### [Data for review]
***
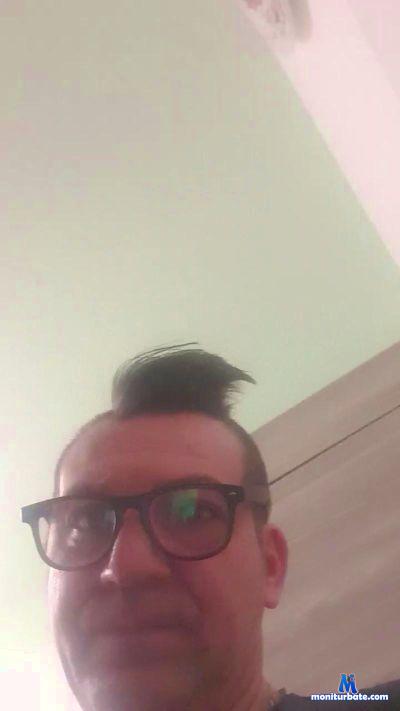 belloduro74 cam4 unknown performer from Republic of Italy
***
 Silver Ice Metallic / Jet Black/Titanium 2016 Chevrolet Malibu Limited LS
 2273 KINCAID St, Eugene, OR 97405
***
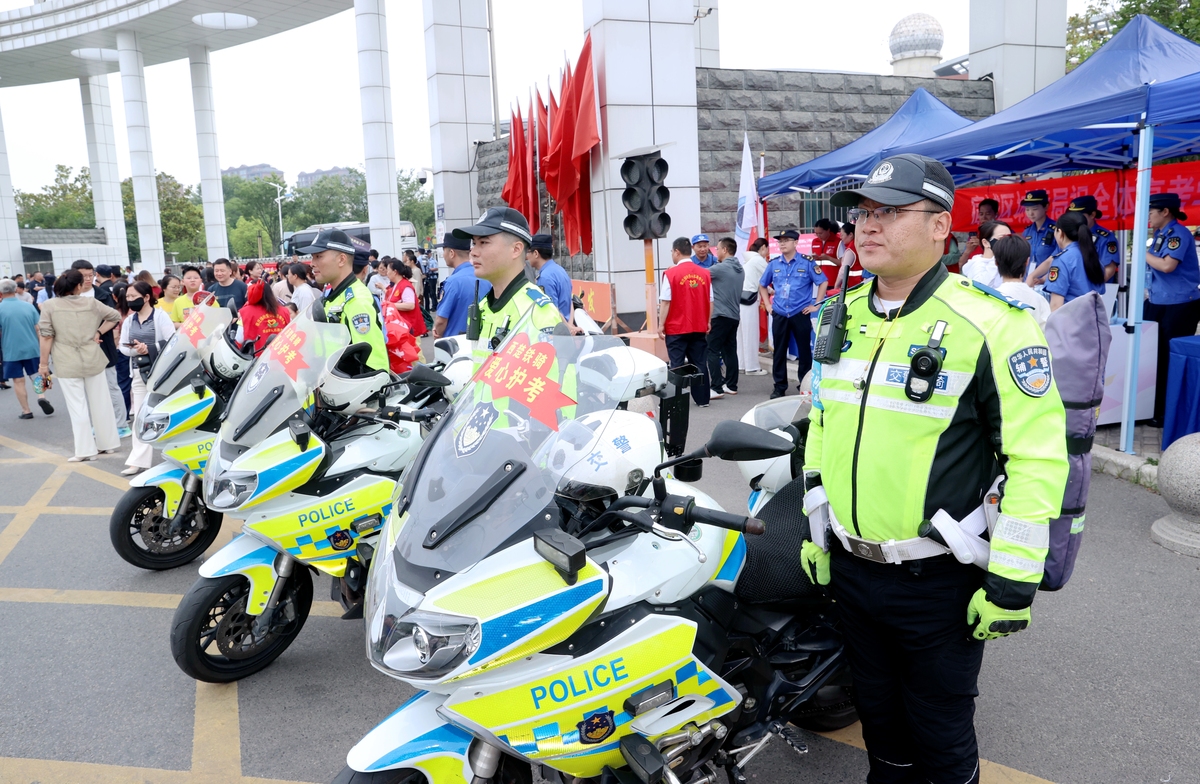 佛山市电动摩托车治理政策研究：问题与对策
***
### [What you are asked to do]
Would you retype exactly the lines above, from the line with "Silver Ice Metallic" to the line with "2273 KINCAID St, Eugene, OR 97405", with both end lines kept and nothing more?

### [Response]
 Silver Ice Metallic / Jet Black/Titanium 2016 Chevrolet Malibu Limited LS
 2273 KINCAID St, Eugene, OR 97405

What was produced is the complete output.